Crashing Ice and Fleeting Rainbows

The milky blue waters of whale sound were several degrees colder than the Straits as the melt water gushed from the base of the glacier. Long slivers of brash ice drift on the current towards the mouth of the fjord. As we made our way in the kayak towards the terminal face of the glacier we saw what looked like a waterfall on the central nunatak that separates the two sides of the face. This waterfall was actually a huge shower of ice caused by a large section of ice high on the face calving off and pulverising on its descent to the fjord. Every few minutes there would be another crack and thunderous rumble as another section of the face parted company with the glacier. This glacier is in retreat, as are many others. The tell-tale signs of the retreat are plain to see in the rock faces that surround the face. Indeed, the central nunatak was recently entirely encased within the ice of the glacier. However, as the ice retreats these orphan rocks are left, scraped clean by the erosive power of the ice, as future islands in the fjord. The most recently uncovered rock is easily distinguishable by the absence of lichen that over a couple years will change the colour of the rock from orange to a dusky red or green.

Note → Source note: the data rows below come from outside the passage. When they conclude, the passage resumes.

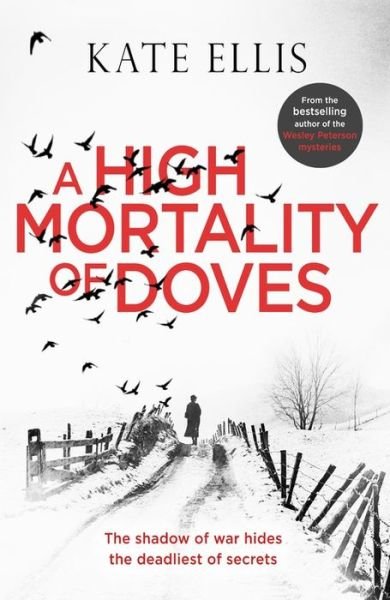 Cover for Kate Ellis · A High Mortality of Doves (Hardcover bog) (2016)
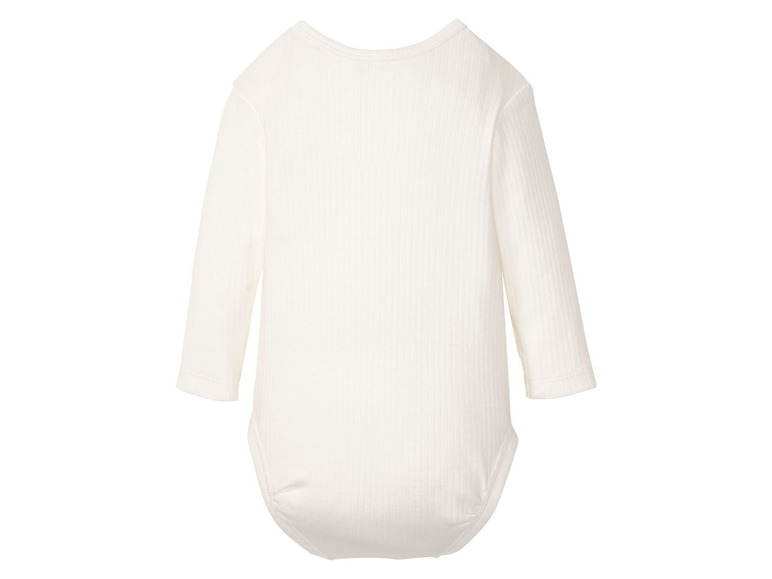 ribrompertje voor babymeisjes, 3 stuks, van katoen
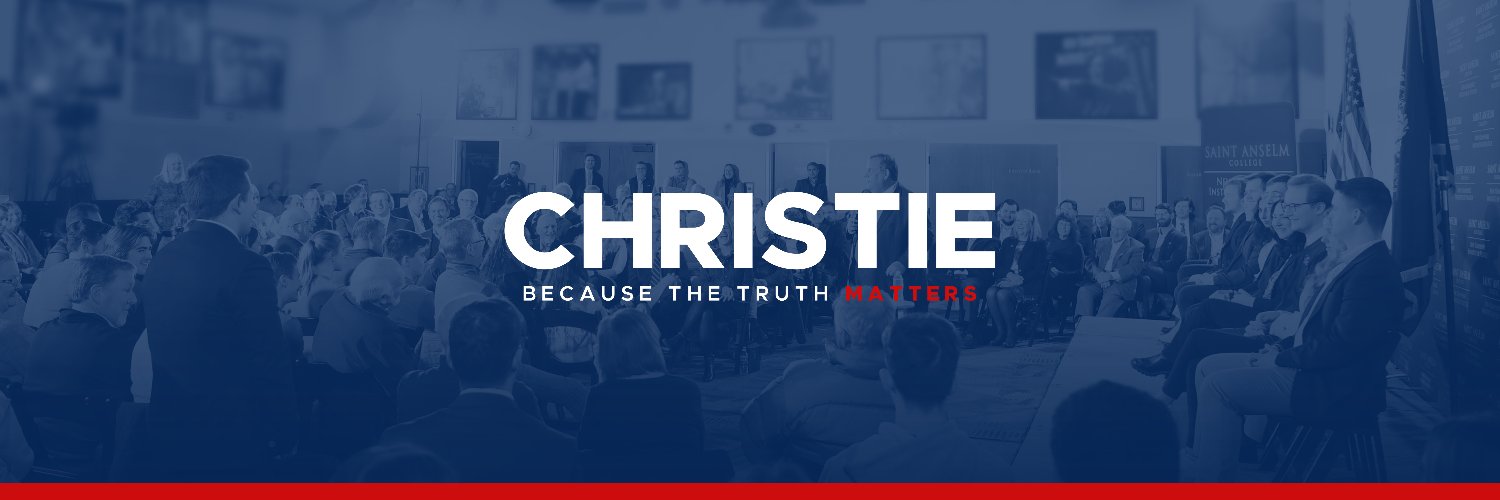 Chris Christie banner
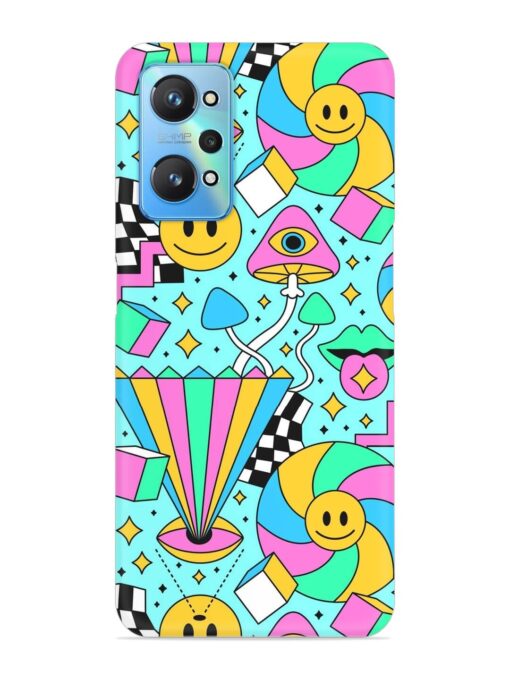 Trippy Rainbow 60S Snap Case for Realme Gt Neo 2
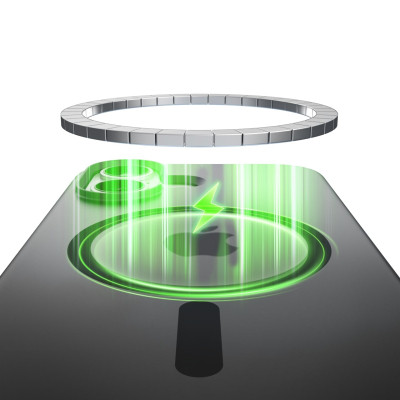 Чохол до мобільного телефона Belkin Magnetic Protective Grip iPhone 17 Black (MSA034HQBK)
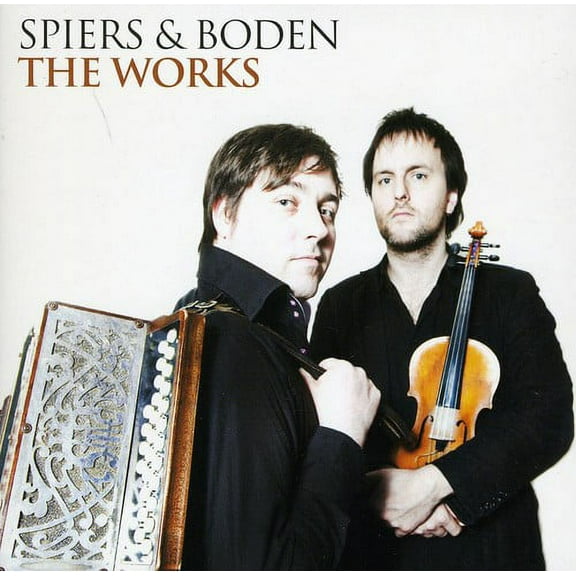 Spiers & Boden - Works - Folk Music - CD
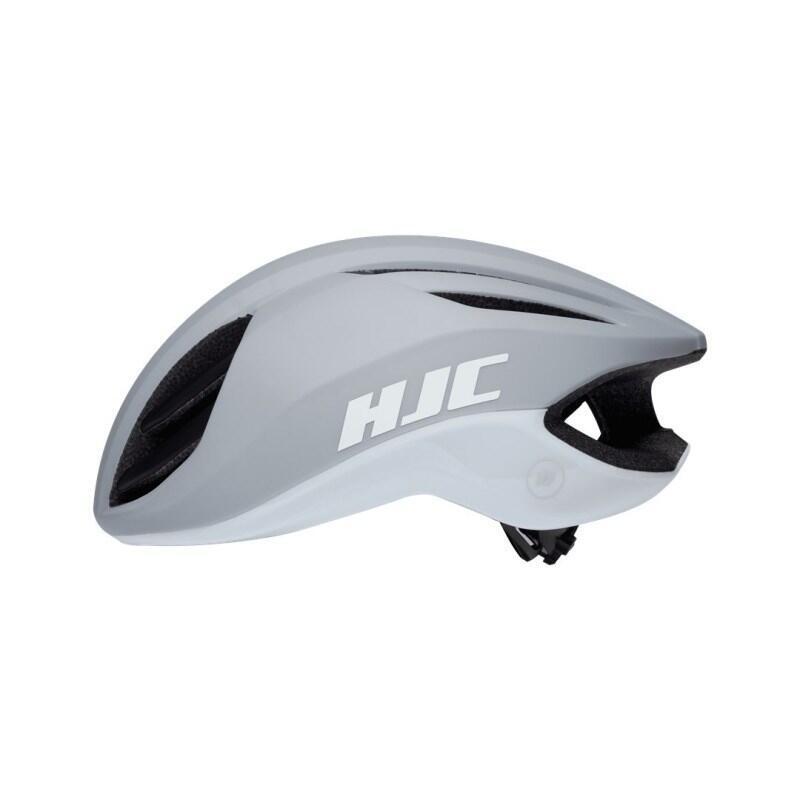 Casco De Ciclismo Hjc Atara Gris Claro Mt.Gl Light Grey, Talla M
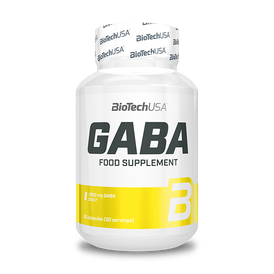 GABA Nahrungsergänzungsmittelkapseln - BioTechUSA 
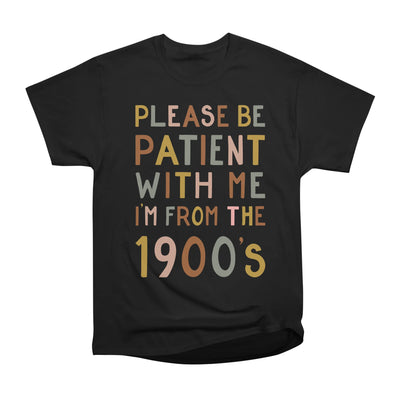 Please be patient with me, I'm from the 1900's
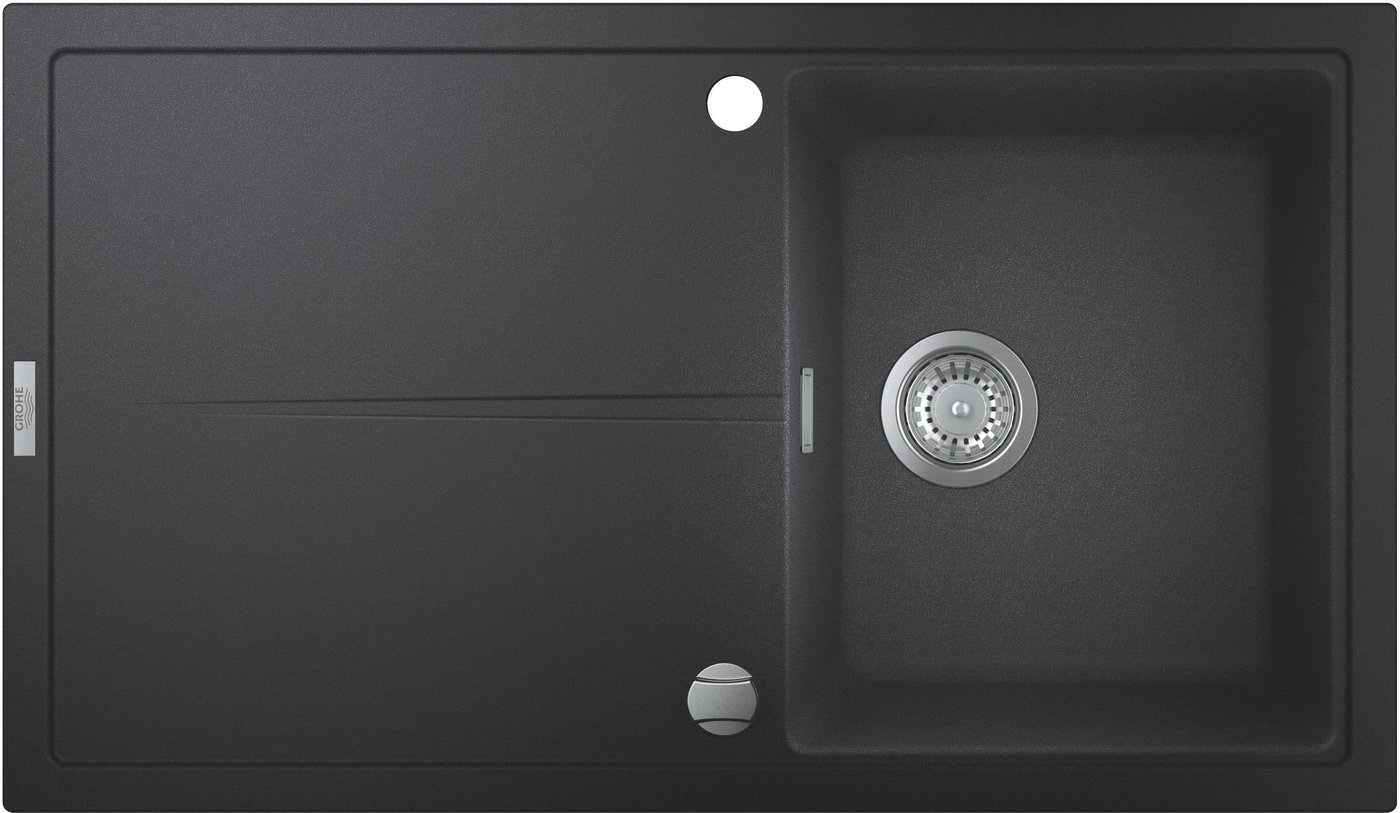

Кухонная мойка Grohe K400 50-C 86/50 1.0 31640AP0 (черный гранит)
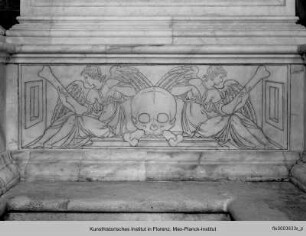 Cappella Badoer-Giustinian : Memento mori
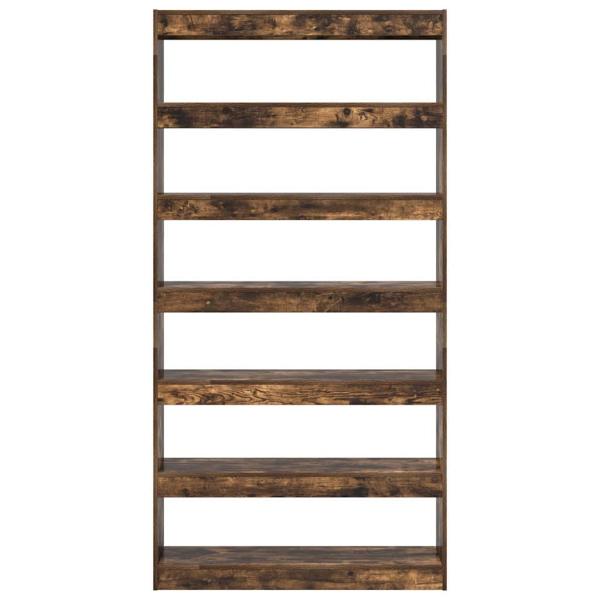 Braunes Bücherregal Braun Holzwerkstoff 100 x 30 x 198 cm
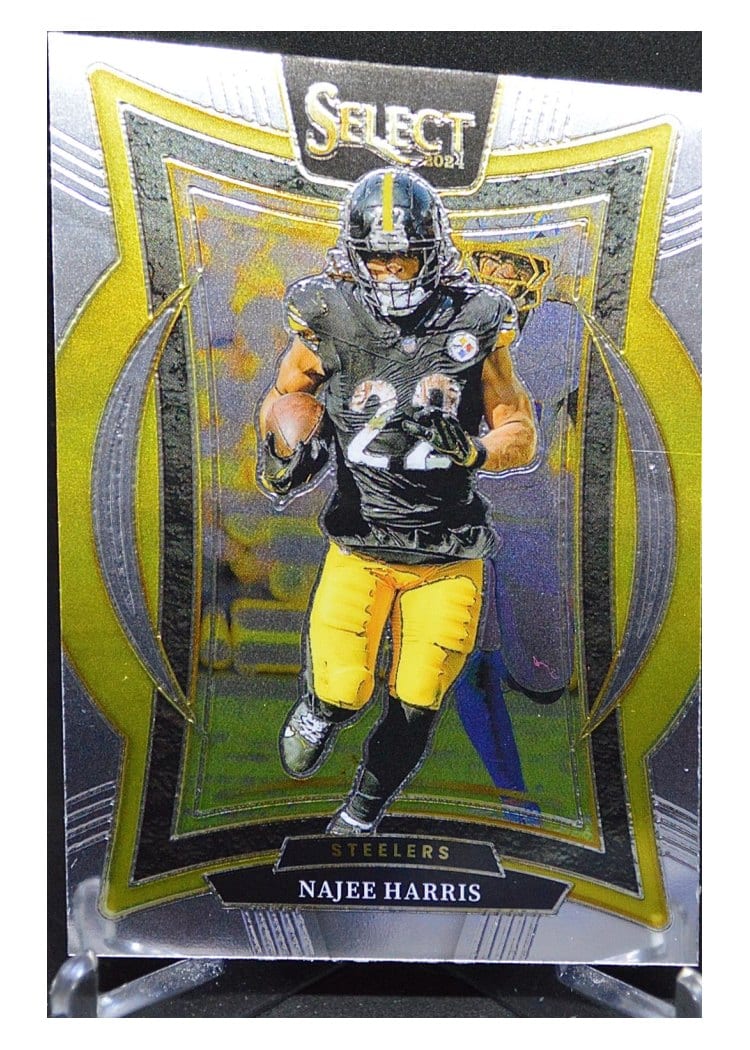2024 Panini Select Base Set Najee Harris #85 card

Being so close to such an active glacier is an astonishing and belittling experience. As we paddled closer our guide Jem made his way over to the other side of the fjord. As he got closer to the glacier the perspective of the size of the face became more apparent. He became an infinitesimal dot under the towering face of ice. The sections of ice that were calving were the size of a eight story building but, from a distance, looked insignificant. Scale is so deceptive in Patagonia as everything is so vast. There are so many fjords, sounds, channels and islands here that few are ever visited. The archipelago west of Tierra del Fuego is so remote and the weather conditions so unpredictable that few visitors deign to travel here. This isolation is itself a huge attraction as you feel like you are one of the privileged few to experience the landscape that is one of the last true wildernesses.

After an al fresco lunch on a beach we made our way down a small adjoining fjord with towering mountains on either side. After negotiating the eddies and currents created by the turning tide at the mouth of the fjord we had a wind assisted paddle down the southern shoreline. The mountains tumble so precipitously into the water that we had to crane our necks back to see the peaks. Overhead we were lucky enough to see the unusual sight of two of the largest birds flying together. There are few places other than Patagonian archipelago that you can see albatross and condors flying together.

On our return to the Zodiac we could see the waves of showers as they rolled down the valley towards us. Every shower was accompanied by a rainbow as the low slung sun refracted through the approaching curtain of rain. In fact rainbows were the one constant over our stay in the archipelago as the weather changes so fast; clouds and showers roll in rapidly on the ever present wind and disperse as quickly.